Search code examples
javamultithreadingconcurrencyjava.util.concurrentcompletion-service

Java Clear CompletionService Working Queue


I am writing a program which uses a CompletionService to run threaded analyses on a bunch of different objects, where each "analysis" consists of taking in a string and doing some computation to give either true or false as an answer. My code looks essentially like this:

// tasks come from a different method and contain the strings + some other needed info
List<Future<Pair<Pieces,Boolean>>> futures = new ArrayList<>(tasks.size());
for (Task task : tasks) {
    futures.add(executorCompletionService.submit(task));
}
ArrayList<Pair<Pieces, Boolean>> pairs = new ArrayList<>();

int toComplete = tasks.size();
int received = 0;
int failed = 0;
while (received < toComplete) {
    Future<Pair<Pieces, Boolean>> resFuture = executorCompletionService.take();
    received++;
    Pair<Pieces, Boolean> res = resFuture.get();
    if (!res.getValue()) failed++;
    if (failed > 300) {
        // My problem is here
    }

    pairs.add(res);
}

// return pairs and go on to do something else

In the marked section, my goal is to have it abandon the computation if over 300 strings have failed, such that I can move on to a new analysis, calling this method again with some different data. The problem is that since the same CompletionService is used again, if I do not somehow clear the queue, then the worker queue will keep growing as I keep adding more to it every time I use it (since after 300 failures there are likely still many unprocessed strings left).

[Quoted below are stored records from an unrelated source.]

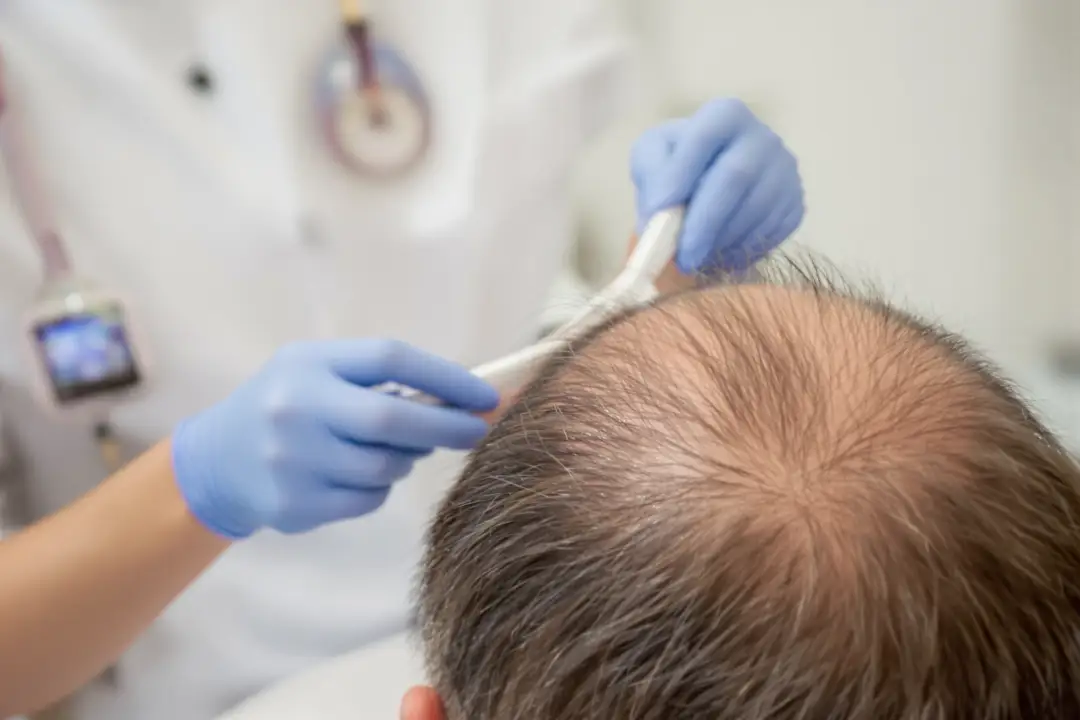Hair Transplant Cost UK: Why Insurance Won't Pay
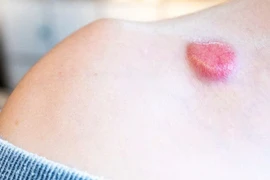 Ngăn chặn ung thư da, lão hoá sớm
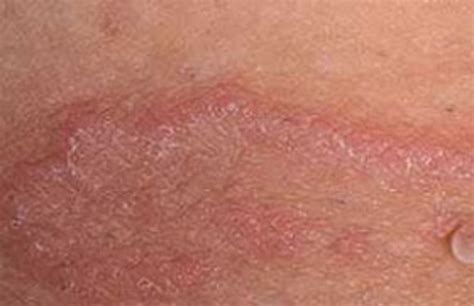 What Is Jock Itch And What To Do About That Red Itchy Penile Skin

I have tried to loop through the futures list and delete all unfinished tasks using something like futures.foreach(future -> future.cancel(true), however when I next call the method I get a java.util.concurrent.CancellationException error when I try to call resFuture.get().

(Edit: It seems that even though I call foreach(future->future.cancel(true)), this does not guarantee that the workerQueue is actually clear afterwards. I do not understand why this is. It almost seems as if it takes a while to clear the queue, and the code does not wait for this to happen before moving to the next analysis, so occasionally get will be called on a future which has been cancelled.)

I have also tried to do

            while (received < toComplete) {
                executorCompletionService.take();
                received++;
            }

To empty the queue, and while this works it is barely faster than just running all of the analyses anyway, and so it does not do very well for the efficiency.

My question is if there is a better way to empty the worker queue such that when I next call this code it is as if the CompletionService is new again.

Edit: Another method I have tried is just setting executorCompletionService = new CompletionService, which is slightly faster than my other solution but is still rather slow and definitely not good practice.

P.S.: Also happy to accept any other ways in which this is possible, I am not attached to using a CompletionService it has just been the easiest thing for what I've done so far


Solution

  • This has since been resolved, but I have seen other similar questions with no good answer so here is my solution:

    Previously, I was using an ExecutorService to create my ExecutorCompletionService(ExecutorService). I switched the ExecutorService to be a ThreadPoolExecutor, and since in the backed the ExecutorService already is a ThreadPoolExecutor all method signatures can be fixed with just a cast. Using the ThreadPoolExecutor gives you much more freedom in the backend, and specifically you can called threadPoolExecutor.getQueue().clear() which clears all tasks awaiting completion. Finally, I needed to make sure to "drain" the remaining working tasks, so my final cancelling code looked like this:

            if (failed > maxFailures) {
               executorService.getQueue().clear();
               while (executorService.getActiveCount() > 0) {
                   executorCompletionService.poll();
               }
    

    At the end of this code block, the executor will be ready to run again.